R's data.table package extends data.frame:
http://r-datatable.com
Mozilla Public License 2.0
3.6k stars 982 forks source link

Symbol .I consistency when not grouping #2598

Open mattdowle opened 6 years ago

mattdowle commented 6 years ago

This has come up before I'm sure but I can't find the issue or S.O. post. Anyone remember or have the links please? I seem to remember replying to someone something like ".I is intended for use in grouping as per the documentation, but it would be good to extend it to non-grouping too". The man page still contains the words "while grouping" for .I.

Current behaviour in both v1.10.4-3 and dev :

> X = data.table(c("a","a","b","c","c"), 10:14)
> setkey(X,V1)
>  X["b"]
   V1 V2
1:  b 12       # ok
> X["b", .I]
[1] 1          # expected x's row number 3  (*1)
> X["b", .I, by=.EACHI]
   V1 I
1:  b 3        # ok
> X["b", .(.I,V2)]
   I V2
1: 1 12      # expected x's row number 3 not 1  (*2)
> X["b", .(.I,V2), by=.EACHI]
   V1 I V2
1:  b 3 12     # ok
> 

Now, which=TRUE was intended and works for the first case (*1) :

> X["b", which=TRUE]
[1] 3

but including x's row numbers inside j (2) isn't currently possible, unless you add x's row numbers explicitly as a column first.

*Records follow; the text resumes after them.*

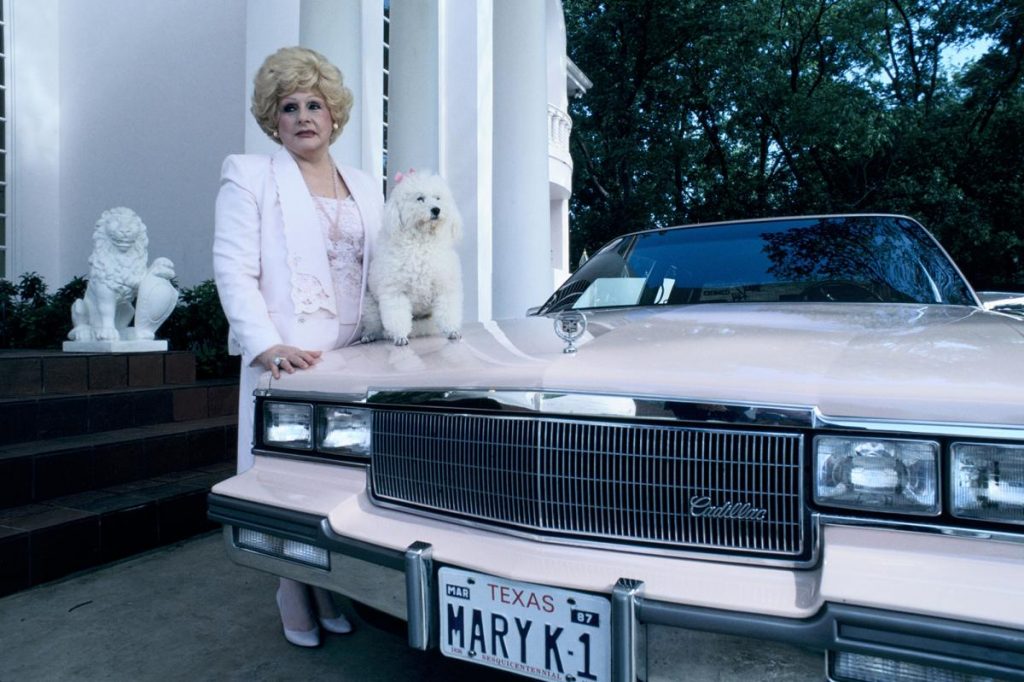 The rags-to-riches story behind May Kay cosmetics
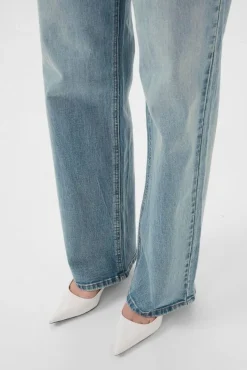 Gestuz Gzzolani Wide Jeans 10910876< Bukser, Jeans & Leggings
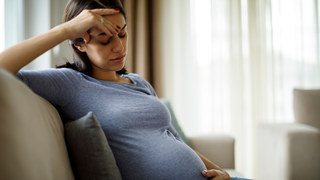 Why Do Some Women Get More Anxious Between Weeks 36-37?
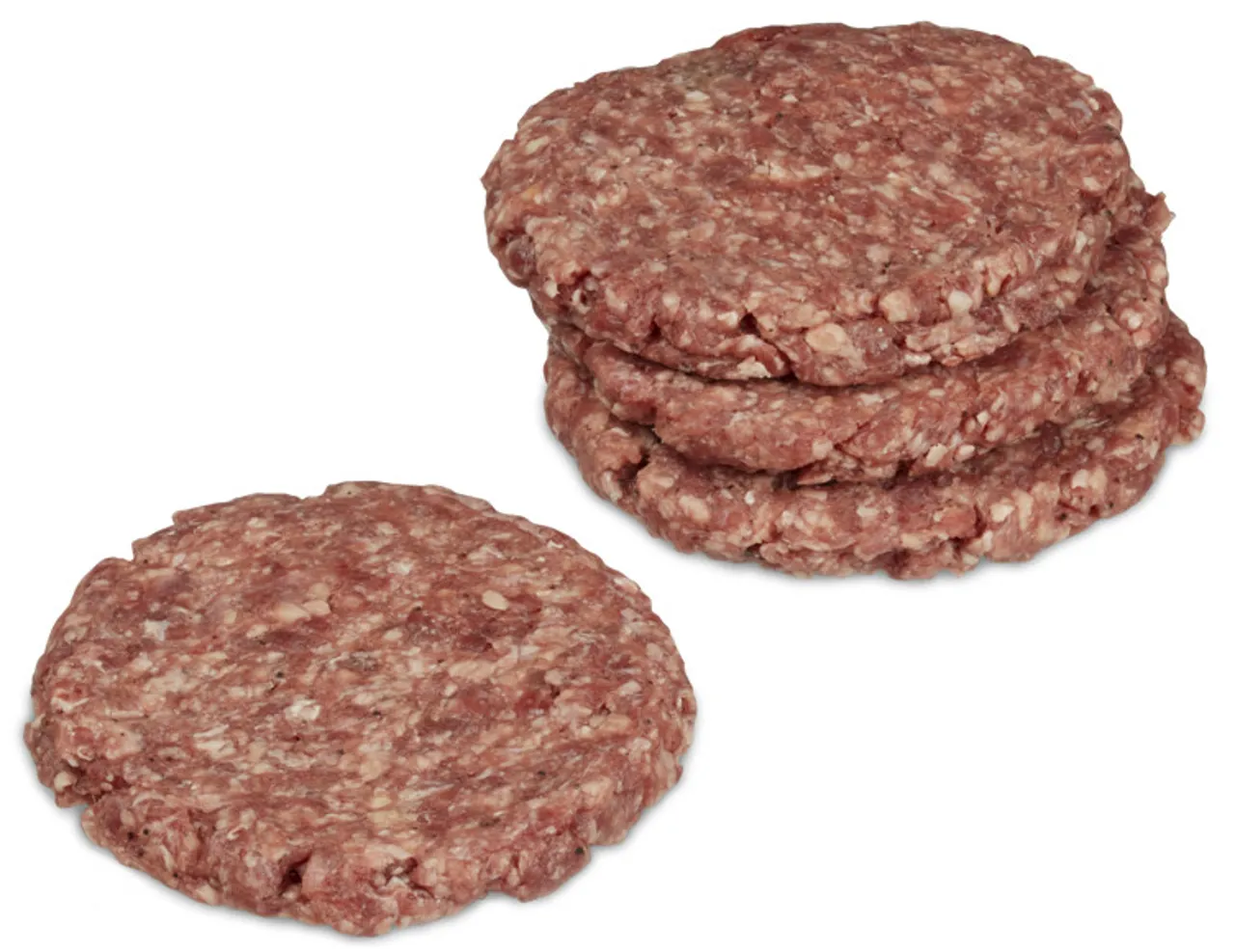 HAMBURGER HOMESTYLE M/OKSEBRYST 180G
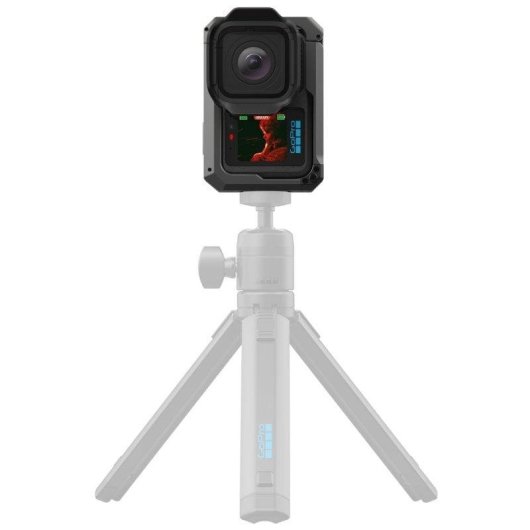 Pega de Disparo GoPro MISSION 1 Ergonómica Durável Adaptável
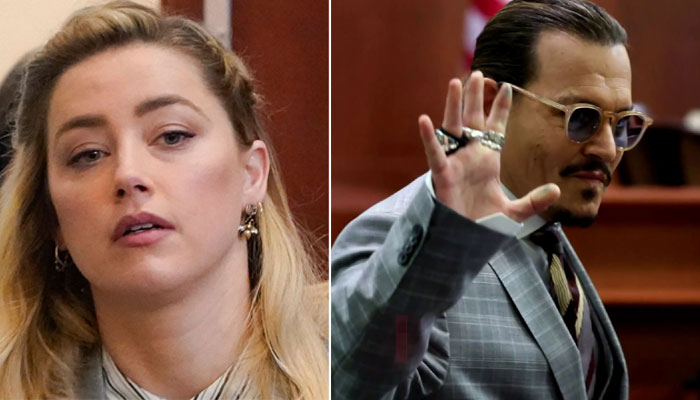 ‘Disassociated’ Amber Heard ‘couldn’t recall’ Johnny Depp fights that ‘offended her ego’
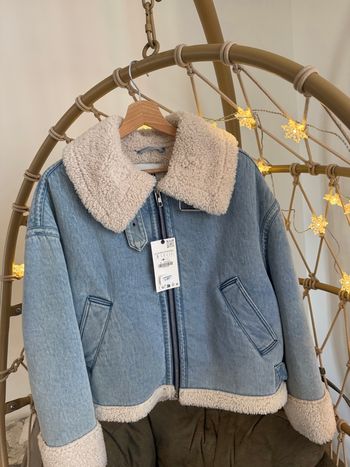 Veste fille Zara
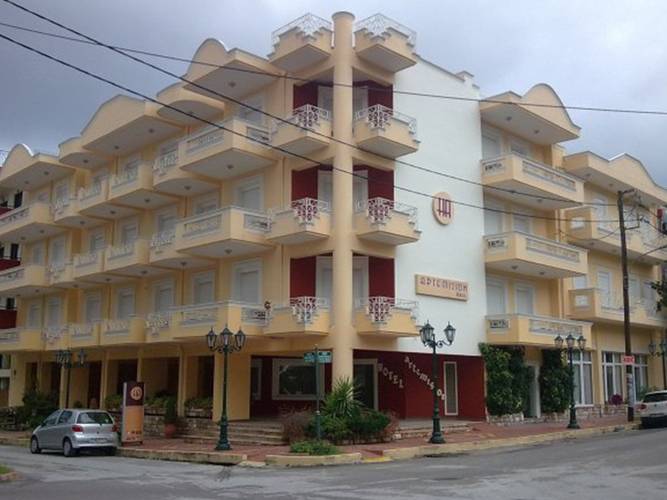 Artemision Hotel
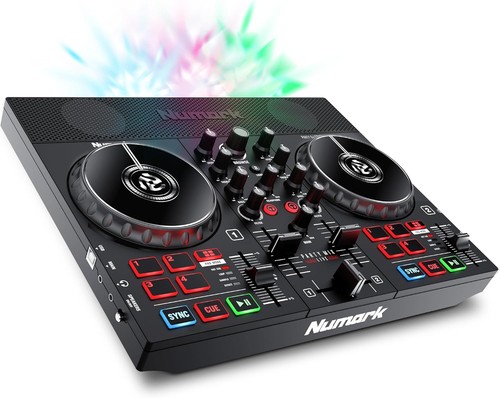 Numark party mix - party,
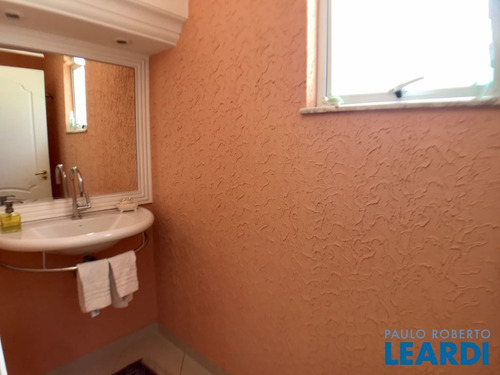 Casa Em Condomínio - Alphaville - Sp - 584350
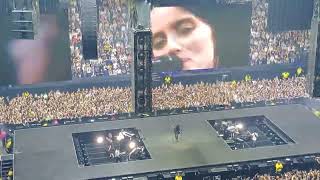 Billie Eilish - Happier than Ever (live at the O2 Arena, 17/07/2025)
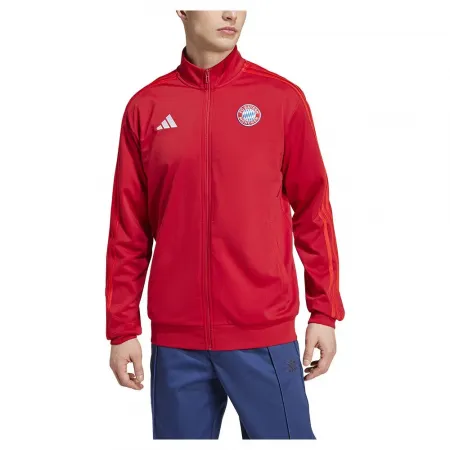 아디다스 FC Bayern Munich 24/25 DNA 트랙 자켓 141010697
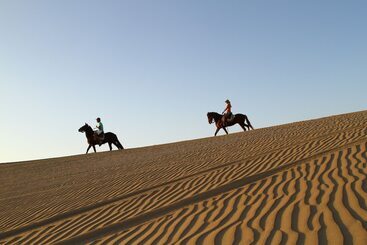 Las Dunas - Ica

It would be nice for .I to do what which=TRUE does in the simple case (1) and maybe even slowly deprecate which=TRUE argument since my guess is people reach for .I first.

franknarf1 commented 6 years ago

Anyone remember or have the links please?

dracodoc commented 5 years ago

Can we use .I for global thus row number without grouping, and .i for local thus only inside grouping?

MichaelChirico commented 5 years ago

@dracodoc as mentioned by Frank this is #1206

dracodoc commented 5 years ago

Sorry I didn't realize there is a whole thread on this idea! That means this is a good idea right?

jangorecki commented 4 years ago

example from https://github.com/Rdatatable/data.table/issues/539

dt <- data.table(a=sample(letters, 100, T), b=rnorm(100))
dt[ a=="c", list(.N, .I)]
   N .I
1: 4  1
2: 4  2
3: 4  3
4: 4  4

dt[a=="c", list(.N, .I), by=a]
   a N .I
1: c 4 54
2: c 4 67
3: c 4 71
4: c 4 86